Au printemps dernier, la justice a tranché. Aux yeux de la Cour
supérieure du Québec, une focaccia est légalement une pizza. Qu’est-ce qui a
bien pu amener notre système judicaire d’ajouter cette décision à son menu? Un
conflit entre les franchises Mikes et Trattoria Tevere situées dans la foire alimentaire du Complexe Desjardins à Montréal. Voici les détails croustillants.
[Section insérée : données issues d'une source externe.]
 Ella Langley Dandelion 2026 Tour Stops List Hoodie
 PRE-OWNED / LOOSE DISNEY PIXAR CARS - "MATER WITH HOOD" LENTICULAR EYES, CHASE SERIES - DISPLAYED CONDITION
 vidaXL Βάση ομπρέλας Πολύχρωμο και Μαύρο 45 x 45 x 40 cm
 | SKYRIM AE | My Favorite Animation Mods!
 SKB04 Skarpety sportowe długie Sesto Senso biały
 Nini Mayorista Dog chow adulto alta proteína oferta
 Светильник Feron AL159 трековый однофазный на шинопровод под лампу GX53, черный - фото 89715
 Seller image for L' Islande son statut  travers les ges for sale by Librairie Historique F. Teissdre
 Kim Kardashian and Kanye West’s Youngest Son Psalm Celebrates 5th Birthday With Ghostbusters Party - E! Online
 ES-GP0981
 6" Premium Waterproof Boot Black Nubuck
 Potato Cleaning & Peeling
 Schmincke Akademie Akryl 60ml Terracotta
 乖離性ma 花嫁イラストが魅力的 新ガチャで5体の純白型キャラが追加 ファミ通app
Être ou ne pas être une pizza, là est la question |
L’affaire alla donc devant les tribunaux. Pour le maître Marco Vitale,
qui assura la défense de la Trattoria Tevere et qui représente régulièrement
des restaurateurs, c’était la première fois qu’il devait argumenter sur la
définition légale d’un met. Il appela donc à la barre des témoins les experts
en définition : les dictionnaires. Une pizza a une pâte pétrie, arrondie,
travaillée avec une technique propre, alors qu’un focaccia est généralement un
pain constitué d’une base d’huile d’olive. Malgré cela, le 9 mars 2015, l’honorable
juge Pierre Labelle indiqua que :
« Dans la mesure où la focaccia constitue une base de pain recevant des garnitures, elle possède les attributs d’une pizza, a ajouté le juge. Trattoria Tevere vend des pizzas [...] sous d’autres vocables. »
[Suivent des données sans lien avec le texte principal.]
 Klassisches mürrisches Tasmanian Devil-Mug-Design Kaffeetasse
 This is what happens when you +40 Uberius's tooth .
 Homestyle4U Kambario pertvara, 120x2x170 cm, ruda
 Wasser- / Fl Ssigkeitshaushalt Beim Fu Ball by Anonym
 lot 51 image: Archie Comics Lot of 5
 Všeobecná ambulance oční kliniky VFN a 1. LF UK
Il est effectivement difficile d’argumenter contre le fait qu’une « foccacia-pizza » a les attributs d’une pizza, mais ce n’est pas ce qui est souligné dans le jugement ci-haut : Base de pain avec garniture = pizza. Quel précédent un tel jugement peut-il constituer? Est-ce qu’aux yeux de la loi, une lahmadjoune est une pizza? Et une tourte? Un sous-marin? Ma tranche de beurre de pinottes?
La pizza a une si grande place dans l’alimentation américaine qu’elle est considérée comme un légume. En fait, il s’agit plutôt de la
sauce tomate qui entre dans la catégorie des légumes : un huitième de
tasse équivaut à une demie tasse de légumes frais. Les deux cuillères à soupes
présentes dans la sauce à pizza en font donc une portion de légumes.
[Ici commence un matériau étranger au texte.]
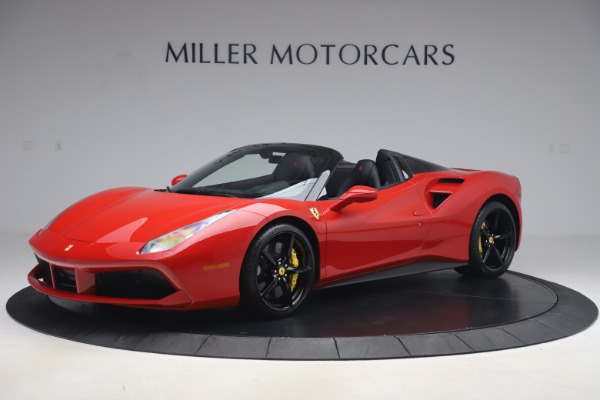 Used 2018 Ferrari 488 Spider for sale Sold at Rolls-Royce Motor Cars Greenwich in Greenwich CT 06830 2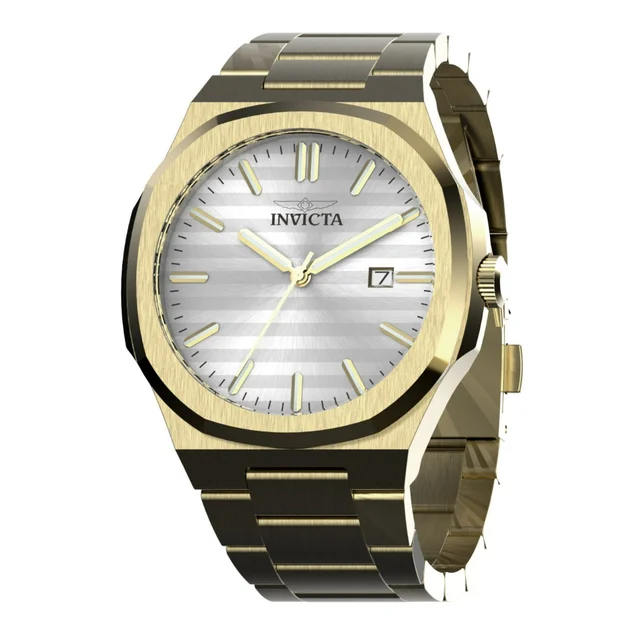 Invicta Speedway Vantage Watch - 43mm. Gold (50176) kol saati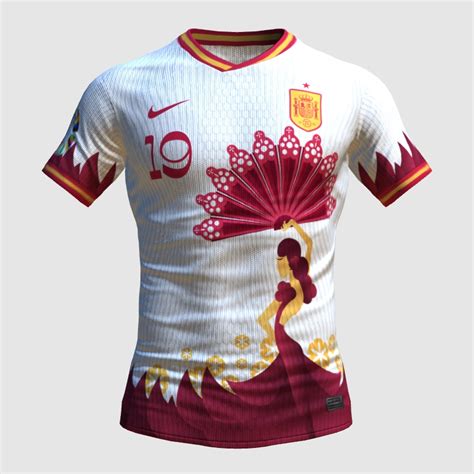 Spain X Nike Away Concept FIFA Kit Creator Showcase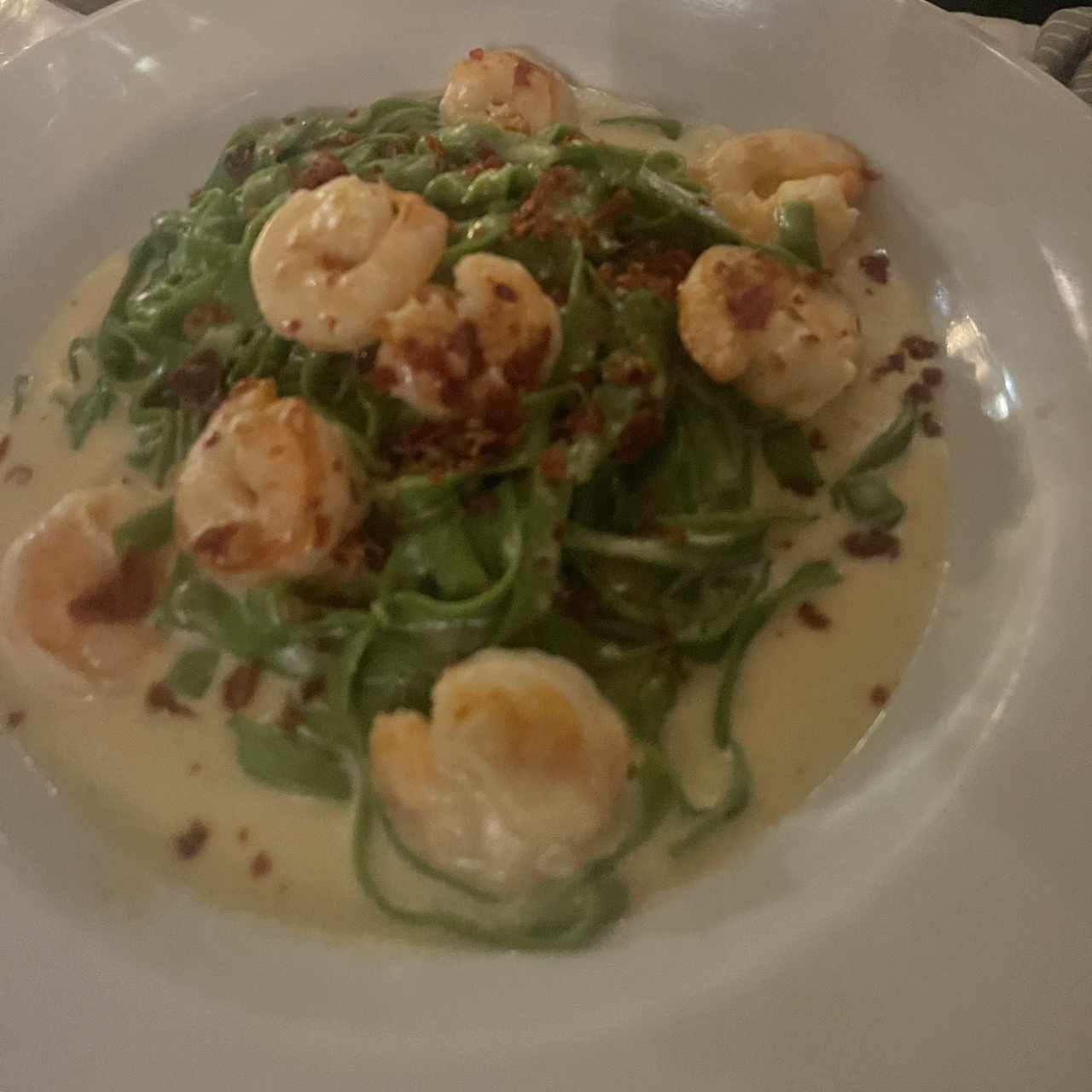 Fetuchini verde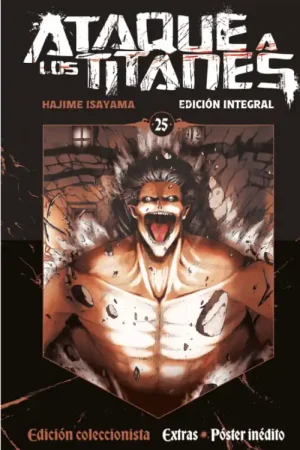 No Te Lo Pierdas ATAQUE A LOS TITANES 25 (Edición Salvat)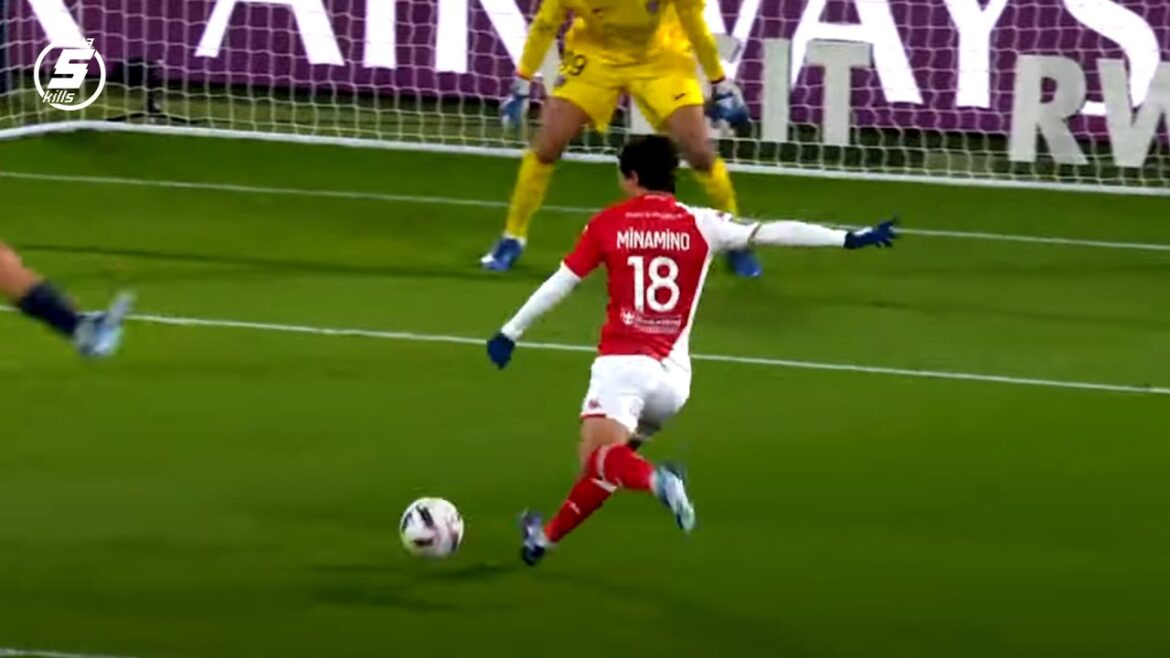 Takumi Minamino Takumi Minamino est un joueur de pure classe - 2024 !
Qu’elle que soit sa définition aux yeux des juristes, la décision du
tribunal a laissé un goût amer à Monsieur Abdallah. Bien qu’il puisse continuer
à vendre des focaccias tant qu’elles ne contiennent pas de fromage ni de sauce
tomate (donc moins nutritives pour les touristes américains), son chiffre d’affaire
a baissé de 45 à 50% environ. Après des dépenses de 250 000$ afin de tout
changer son affichage et une récente hausse de loyer de 3000$, il n’a plus les
moyens de payer pour les frais légaux qui lui permettraient de défendre sa
cause davantage. La prochaine fois que vous passez par-là, achetez-lui donc une
focaccia, ça va aider à la digestion.